The 32GB OCZ Throttle eSATA drive is thicker than the 32GB OCZ ATV USB drive as seen in the picture above, but still looks like a normal USB key. Since the drive needs both USB and eSATA drives don’t expect any smaller form factor to come till the USB port is no longer needed. Since the powered eSATA ports are not too common, it is likely that it will be some time before they are and by then USB 3.0 will have come out. For those that are curious, USB 2.0 has a maximum transfer speed of 60MB/sec and eSATA tops out at 300MB/Sec. The upcoming USB 3.0 standard is coming out during the middle of this year and will feature up to 625MB/Sec transfer speeds.
To get a better idea of what the USB 2.0 and eSATA connectors look like I took a picture of each sitting next to each other. You won’t be able to mix the two connectors up as the you can’t force one into the other. Not all systems will have an eSATA port, so if you are wanting an eSATA drive be sure your system supports it!
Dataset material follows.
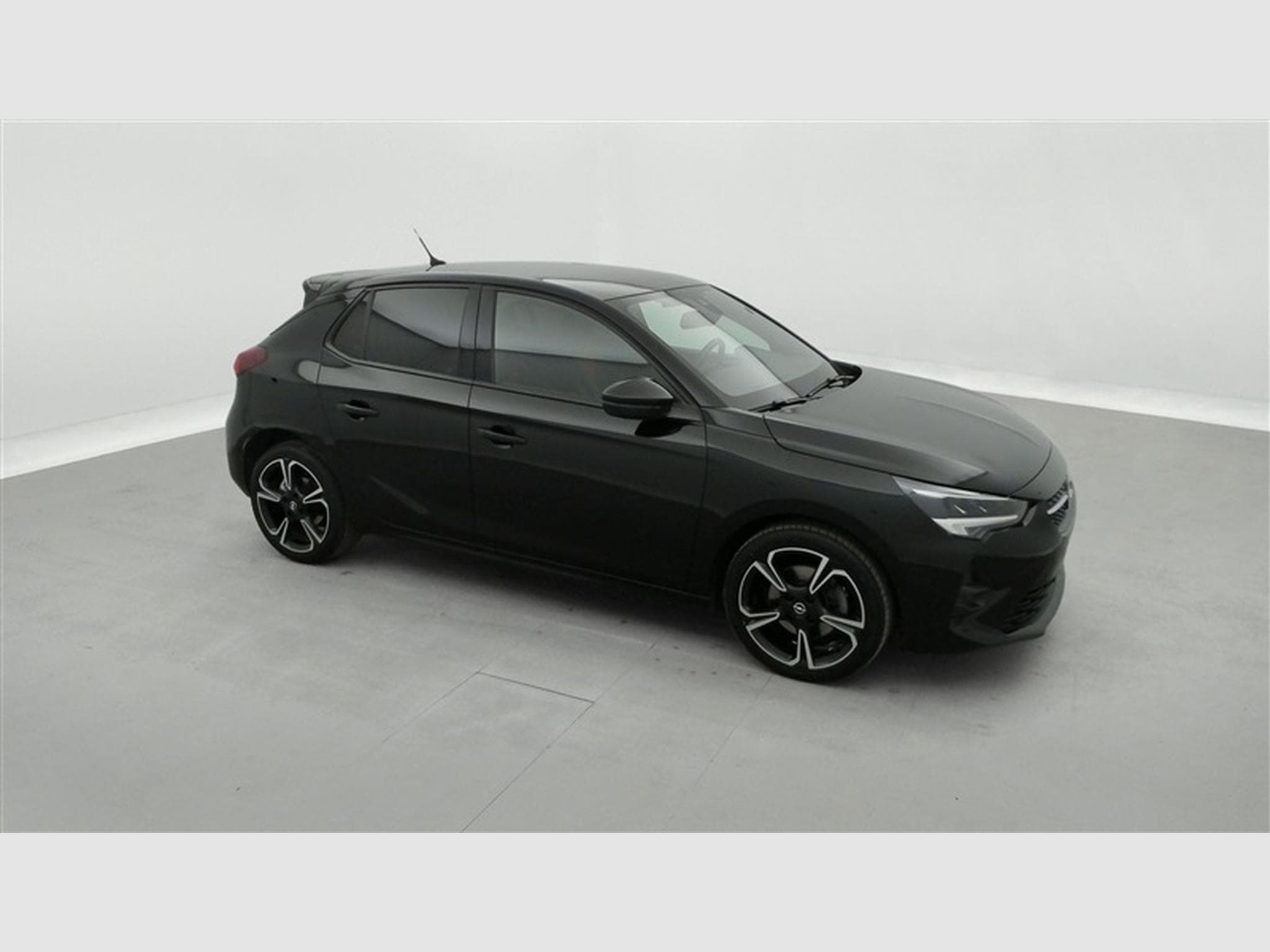 Opel Corsa 1.2 Turbo GS Line S/S (EU6AP) (2021) - Photo 22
The motherboard I tested the OCZ Throttle on was the ASUS P6T Deluxe. This Intel X58 Express based motherboard is an enthusiast motherboard for certain as it retails for $309.99 plus shipping and supports all Intel Core i7 processors. Even this top of the line $300+ motherboard doesn’t offer Power Over eSATA, so the USB cable must be used to power the OCZ Throttle eSATA drive as shown in the picture above.
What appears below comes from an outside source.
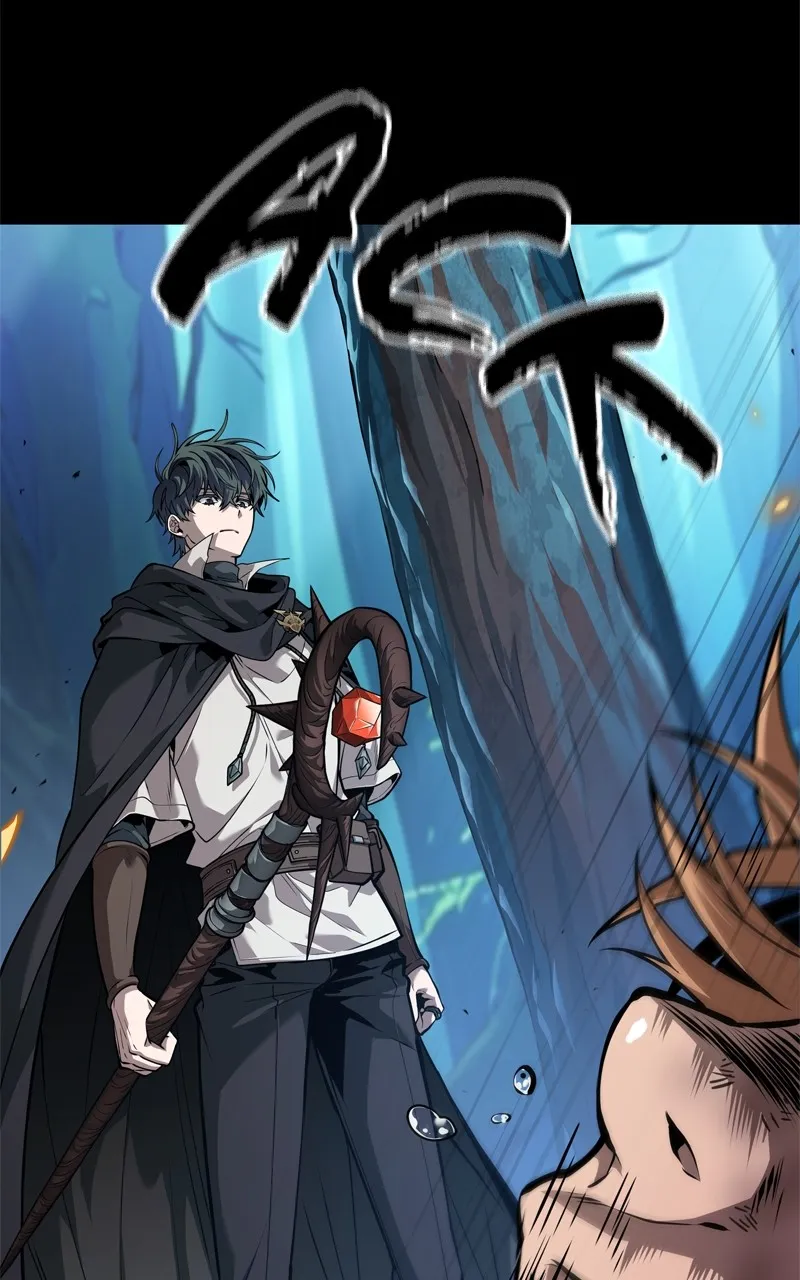 Read The Last Adventurer chapter 16 image 34 on Lezhin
Since I’ve never used an eSATA Flash drive I fired up Device Manager on Windows Vista Ultimate 64-bit and discovered that the device was listed as a SCSI disk device.
Unplugging the eSATA drive and connecting just the USB cable the device was listed under disk drives as a USB device.
A full error scan on HD Tune Pro 3.50 detected no errors and took 6 minutes 24 seconds to complete at roughly 81MB/sec scanning speed. No errors were detected on the 32GB drive that really has just 30.5GB of available space. Now that the drive is known to be error free we can move on to benchmarking the drive.